TRY IT: Although pictures appear in the records, the copy must leave them out and match everything else exactly.
[[ THE DATA, beginning ]]
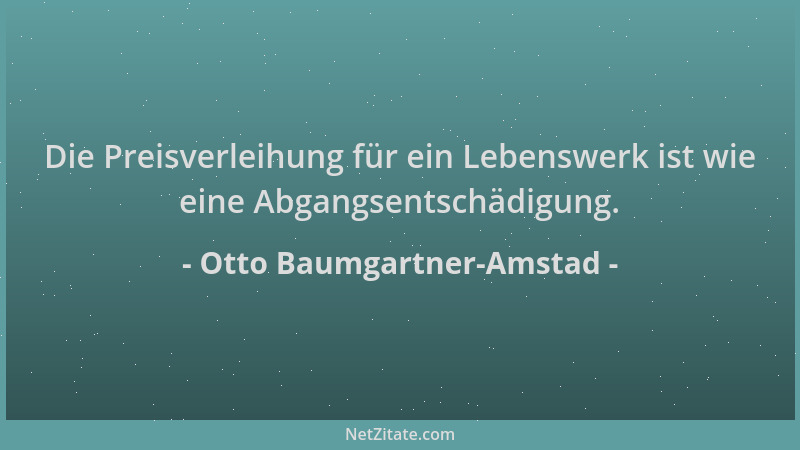 Otto Baumgartner-Amstad - Die Preisverleihung für ein Lebenswerk ist wie eine Abgangsentschädigung....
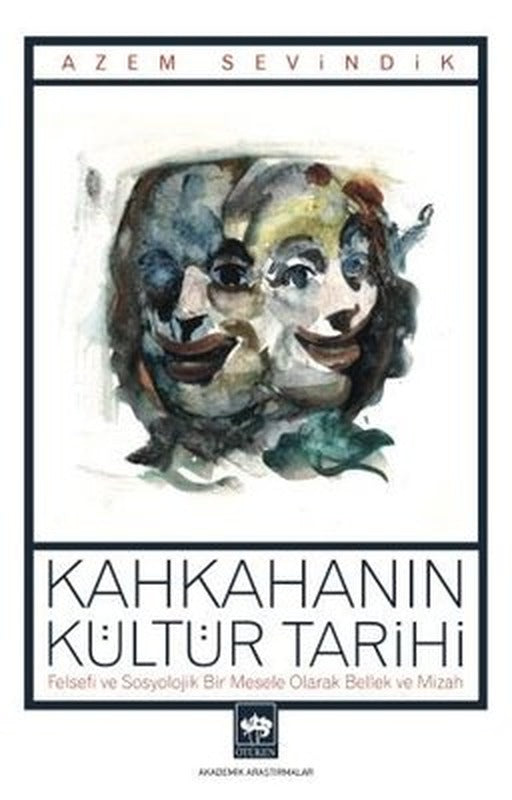 Kahkahanın Kültür Tarihi - Felsefi ve Sosyolojik Bir Mesele Olarak Bellek ve Mizah | Ötüken Neşriyat Yayınları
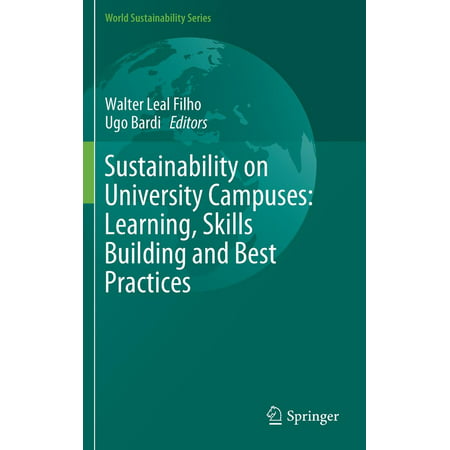 Sustainability on University Campuses: Learning, Skills Building and Best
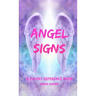 Angel Signs, A Pocket Reference Book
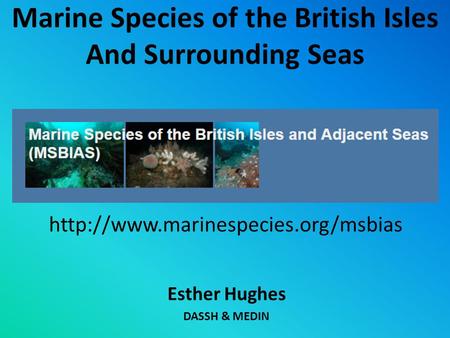 Marine Species of the British Isles And Surrounding Seas Esther Hughes DASSH & MEDIN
[[ THE DATA, end ]]
TASK RESULT:
 Otto Baumgartner-Amstad - Die Preisverleihung für ein Lebenswerk ist wie eine Abgangsentschädigung....
 Kahkahanın Kültür Tarihi - Felsefi ve Sosyolojik Bir Mesele Olarak Bellek ve Mizah | Ötüken Neşriyat Yayınları
 Sustainability on University Campuses: Learning, Skills Building and Best
 Angel Signs, A Pocket Reference Book
 Marine Species of the British Isles And Surrounding Seas Esther Hughes DASSH & MEDIN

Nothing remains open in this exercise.